It is also very important to note that at the beginning of the grieving experience, there is a difference between denial and disbelief. Each can affect a bereaving pet parent as follows.
Denial and disbelief are two separate responses to the initial shock of the death of a dearly beloved pet. Denial is a mental reaction that occurs when the mind categorically refuses to accept something too painful to bear. It is a temporary psychological reaction that unconsciously switches off reality when the facts are too upsetting to accept. Disbelief is a conscious doubt to admit the fact that the pet has died. The client does not like that truth, is often stunned by it, and finds it most challenging to process it. Disbelief is always the first one to occur, followed by denial. Both are normal initial stages of mourning. Denial and disbelief usually are the briefest of all the stages of grief, both necessary to the process of grieving and healing. The difference between denial and disbelief is the following.

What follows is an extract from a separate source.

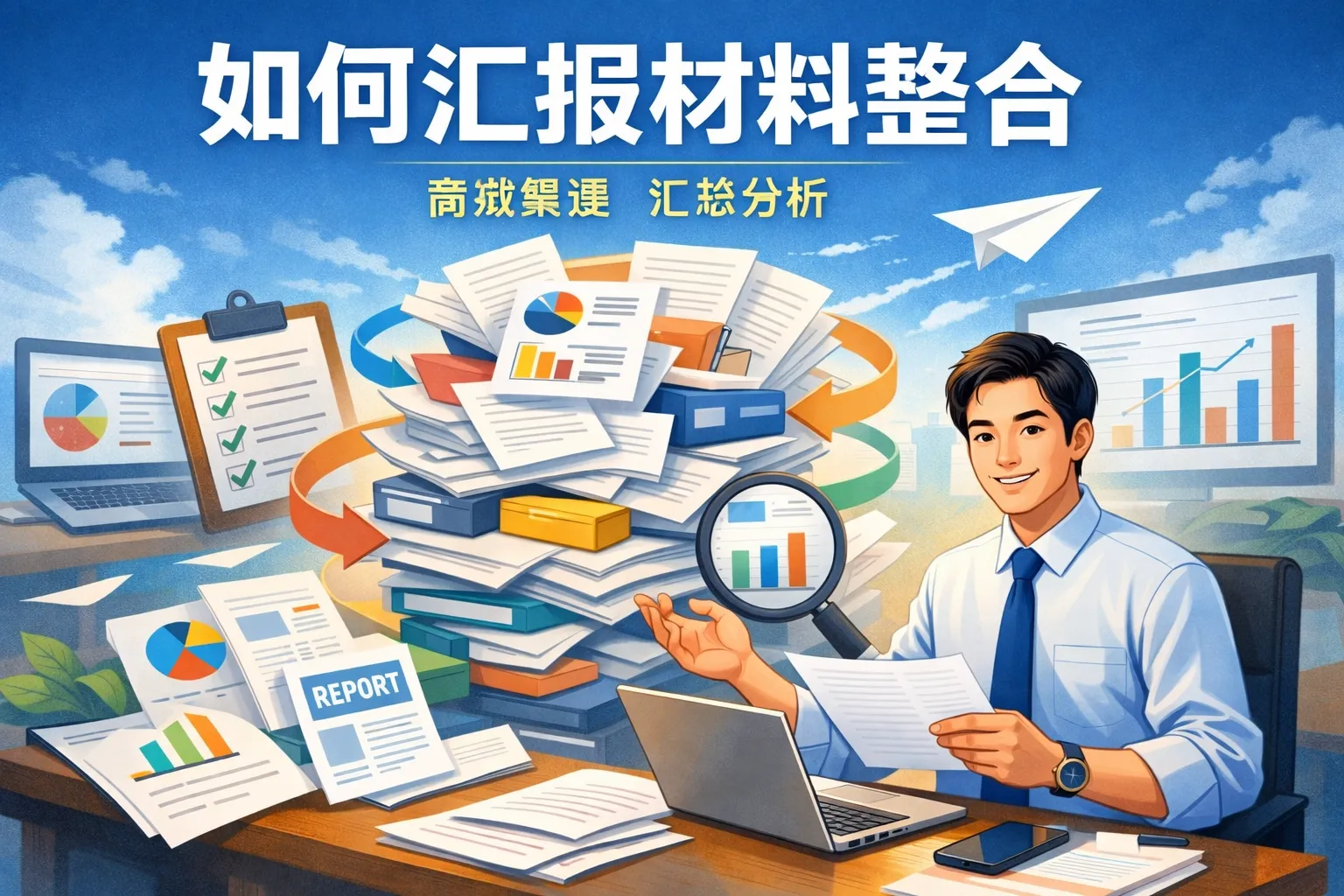 如何汇报材料整合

Denial functions as an unconscious circuit breaker that is triggered when the stress is too extreme for the mind to bear. When a client is in denial they are in a fantasy that the pet is not really dead. They refuse to admit it. During disbelief, the client recognizes the truth, yet a part of them still does not want to embrace it nor believe it. When the client is in disbelief, they feel in a daze as the truth has not yet sunk in. Denial is a protective fantasy that shields the client from the initial shock. During denial the client not only avoids acknowledging their beloved pet’s death, but they also passionately hope and wish for their return. Fueled by that hope, they may sometimes “bargain” with God and they might even contact pet psychic. Once the initial shock subsides, and once the reality sets in, so does the pain.
With the death of a pet there is no “closure” rather there is “resolution”. This is how we can help the bereft pet parent to work toward this stage?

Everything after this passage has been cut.